• [EXERCISE AIM]: Please print the records below exactly as they are written.

• [MATERIALS PROVIDED]:
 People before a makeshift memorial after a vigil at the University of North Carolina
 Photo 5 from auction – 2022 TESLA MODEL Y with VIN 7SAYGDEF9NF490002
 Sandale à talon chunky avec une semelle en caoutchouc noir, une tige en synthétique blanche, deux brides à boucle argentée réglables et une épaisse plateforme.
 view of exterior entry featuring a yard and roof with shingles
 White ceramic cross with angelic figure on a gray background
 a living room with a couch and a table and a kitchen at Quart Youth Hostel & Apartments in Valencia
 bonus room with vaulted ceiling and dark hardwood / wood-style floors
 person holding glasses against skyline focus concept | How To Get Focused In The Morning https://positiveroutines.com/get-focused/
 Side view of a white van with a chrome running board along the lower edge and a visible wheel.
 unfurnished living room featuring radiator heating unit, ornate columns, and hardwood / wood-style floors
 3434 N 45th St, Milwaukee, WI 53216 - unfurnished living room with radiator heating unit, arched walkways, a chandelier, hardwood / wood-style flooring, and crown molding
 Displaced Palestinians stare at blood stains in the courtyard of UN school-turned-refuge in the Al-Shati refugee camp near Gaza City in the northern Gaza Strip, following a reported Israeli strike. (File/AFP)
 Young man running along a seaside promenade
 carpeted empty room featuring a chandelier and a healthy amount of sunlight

• [WRITTEN ANSWER]:
 People before a makeshift memorial after a vigil at the University of North Carolina
 Photo 5 from auction – 2022 TESLA MODEL Y with VIN 7SAYGDEF9NF490002
 Sandale à talon chunky avec une semelle en caoutchouc noir, une tige en synthétique blanche, deux brides à boucle argentée réglables et une épaisse plateforme.
 view of exterior entry featuring a yard and roof with shingles
 White ceramic cross with angelic figure on a gray background
 a living room with a couch and a table and a kitchen at Quart Youth Hostel & Apartments in Valencia
 bonus room with vaulted ceiling and dark hardwood / wood-style floors
 person holding glasses against skyline focus concept | How To Get Focused In The Morning https://positiveroutines.com/get-focused/
 Side view of a white van with a chrome running board along the lower edge and a visible wheel.
 unfurnished living room featuring radiator heating unit, ornate columns, and hardwood / wood-style floors
 3434 N 45th St, Milwaukee, WI 53216 - unfurnished living room with radiator heating unit, arched walkways, a chandelier, hardwood / wood-style flooring, and crown molding
 Displaced Palestinians stare at blood stains in the courtyard of UN school-turned-refuge in the Al-Shati refugee camp near Gaza City in the northern Gaza Strip, following a reported Israeli strike. (File/AFP)
 Young man running along a seaside promenade
 carpeted empty room featuring a chandelier and a healthy amount of sunlight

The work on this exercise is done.